Justement, la musique se fait de façon extrêmement indépendante à Sherbrooke; personne ne vient y mettre son nez. Ce contexte non interventionniste permet une grande liberté et amène certains phénomènes, dont celui-ci: plusieurs groupes d'ici décident de chanter en anglais (Pete Möss, Jake and the Leprechauns, Half Baked, Sexyboy…). C'est ce qui intéresse l'équipe de Méchant Contraste!. Le débat me paraissait un peu cliché au premier abord, mais il est vrai qu'on observe une certaine tendance. J'ai donc déblatéré quelques trucs à ce sujet devant la caméra. Je ne sais pas trop comment cela va sortir dans le reportage avec le montage qui sera effectué. J'avoue avoir des craintes, car les questions linguistiques sont toujours délicates. J'ai donc décidé de clarifier mon point de vue dans cette chronique. Vive les médias écrits!

«I want to pogne»?

Faut-il s'inquiéter du fait que des formations musicales d'ici optent pour la langue de Shakespeare? Dans le contexte actuel et malgré le fait que j'ai la défense du français à cour, je crois que non (en tout cas, pas pour l'instant). Plusieurs artistes de la chanson francophone obtiennent un succès retentissant au Québec, particulièrement auprès de la jeunesse: les Cowboys Fringants, les Vulgaires Machins, Loco Locass… Certains chantent en français par engagement, pour la cause. Le message passe et la langue française est célébrée. Ça compense amplement pour tous les Simple Plan et Pascale Picard de la province. De plus, je suis d'avis qu'il faut continuer à encourager les groupes qui chantent en français à l'aide de subventions et en imposant un certain pourcentage de contenu francophone aux radios de la province. Ne revenons pas en arrière.

Toutefois, ce ne sont pas tous les groupes qui font de la chanson pour des raisons politiques ou avec l'intention de profiter des quotas radiophoniques. Ça vient souvent des tripes! La musique est le fruit des influences de celui qui la fait. Quand elles viennent d'Angleterre ou des États-Unis, il y a bien des chances que ça sorte en anglais.

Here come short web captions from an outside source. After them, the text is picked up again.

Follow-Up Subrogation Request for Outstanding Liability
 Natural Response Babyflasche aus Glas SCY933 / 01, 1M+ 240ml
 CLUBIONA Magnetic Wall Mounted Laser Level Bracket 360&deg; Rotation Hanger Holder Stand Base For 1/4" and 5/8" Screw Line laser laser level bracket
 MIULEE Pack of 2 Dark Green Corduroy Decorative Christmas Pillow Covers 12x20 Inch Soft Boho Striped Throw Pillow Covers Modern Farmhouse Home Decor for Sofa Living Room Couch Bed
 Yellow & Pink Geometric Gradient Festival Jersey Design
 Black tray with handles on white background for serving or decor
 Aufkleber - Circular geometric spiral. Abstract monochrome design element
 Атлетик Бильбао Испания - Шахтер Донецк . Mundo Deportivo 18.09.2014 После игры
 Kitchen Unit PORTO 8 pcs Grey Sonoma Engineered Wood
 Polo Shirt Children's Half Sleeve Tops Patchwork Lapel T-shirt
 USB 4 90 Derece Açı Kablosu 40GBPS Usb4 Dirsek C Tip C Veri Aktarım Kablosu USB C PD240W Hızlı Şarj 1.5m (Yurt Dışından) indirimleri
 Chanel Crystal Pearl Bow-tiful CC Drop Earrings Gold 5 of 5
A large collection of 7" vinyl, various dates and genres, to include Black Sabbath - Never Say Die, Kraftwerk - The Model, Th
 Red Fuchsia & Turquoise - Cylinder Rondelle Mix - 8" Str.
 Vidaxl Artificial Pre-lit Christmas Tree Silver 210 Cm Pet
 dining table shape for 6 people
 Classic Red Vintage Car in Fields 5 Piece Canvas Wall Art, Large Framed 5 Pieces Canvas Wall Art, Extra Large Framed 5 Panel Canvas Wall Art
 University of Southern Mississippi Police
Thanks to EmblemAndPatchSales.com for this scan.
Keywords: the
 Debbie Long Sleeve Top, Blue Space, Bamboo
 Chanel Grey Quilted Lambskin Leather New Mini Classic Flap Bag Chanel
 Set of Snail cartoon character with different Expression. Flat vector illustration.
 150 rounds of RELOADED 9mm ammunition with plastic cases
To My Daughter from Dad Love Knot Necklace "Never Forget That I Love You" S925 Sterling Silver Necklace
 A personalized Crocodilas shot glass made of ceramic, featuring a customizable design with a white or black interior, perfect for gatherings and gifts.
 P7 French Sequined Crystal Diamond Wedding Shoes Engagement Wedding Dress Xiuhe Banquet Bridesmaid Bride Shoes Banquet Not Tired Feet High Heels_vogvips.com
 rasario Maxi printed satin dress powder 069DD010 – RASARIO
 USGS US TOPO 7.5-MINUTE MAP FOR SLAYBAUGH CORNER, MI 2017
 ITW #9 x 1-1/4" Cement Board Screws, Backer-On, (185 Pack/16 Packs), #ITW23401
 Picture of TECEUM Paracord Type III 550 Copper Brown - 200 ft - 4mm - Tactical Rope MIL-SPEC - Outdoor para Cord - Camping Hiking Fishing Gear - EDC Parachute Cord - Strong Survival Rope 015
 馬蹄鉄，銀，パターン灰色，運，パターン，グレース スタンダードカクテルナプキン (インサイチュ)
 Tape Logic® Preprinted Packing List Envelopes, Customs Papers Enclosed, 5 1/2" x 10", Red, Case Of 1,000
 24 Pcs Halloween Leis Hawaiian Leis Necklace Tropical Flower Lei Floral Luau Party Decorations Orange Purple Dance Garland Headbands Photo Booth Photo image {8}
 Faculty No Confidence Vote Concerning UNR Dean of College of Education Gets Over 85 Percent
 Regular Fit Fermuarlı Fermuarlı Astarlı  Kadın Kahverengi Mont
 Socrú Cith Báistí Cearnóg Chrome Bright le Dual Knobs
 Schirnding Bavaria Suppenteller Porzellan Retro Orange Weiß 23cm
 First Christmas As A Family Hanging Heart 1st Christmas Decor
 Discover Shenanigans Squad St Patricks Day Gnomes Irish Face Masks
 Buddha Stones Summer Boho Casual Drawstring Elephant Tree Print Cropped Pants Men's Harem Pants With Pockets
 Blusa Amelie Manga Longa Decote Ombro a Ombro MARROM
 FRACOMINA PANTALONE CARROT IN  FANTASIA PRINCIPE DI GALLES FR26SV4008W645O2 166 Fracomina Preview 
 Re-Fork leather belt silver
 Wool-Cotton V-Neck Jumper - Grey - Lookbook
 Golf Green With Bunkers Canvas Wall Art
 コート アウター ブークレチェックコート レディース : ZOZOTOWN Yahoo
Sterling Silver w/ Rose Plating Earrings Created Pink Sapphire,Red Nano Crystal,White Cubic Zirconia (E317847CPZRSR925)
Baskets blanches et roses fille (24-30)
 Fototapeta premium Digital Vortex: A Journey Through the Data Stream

C'est le cas de plusieurs formations de l'Estrie. Ainsi, ce n'est pas par facilité ou opportunisme que certains groupes d'ici chantent en anglais, mais bien parce que ça va de soi: le chanteur de Pete Möss est anglophone, l'auteur des textes de Jake and the Leprechauns a étudié la littérature aux États-Unis… Pourquoi aller à contre-sens quand la chanson se fait pour de nobles raisons?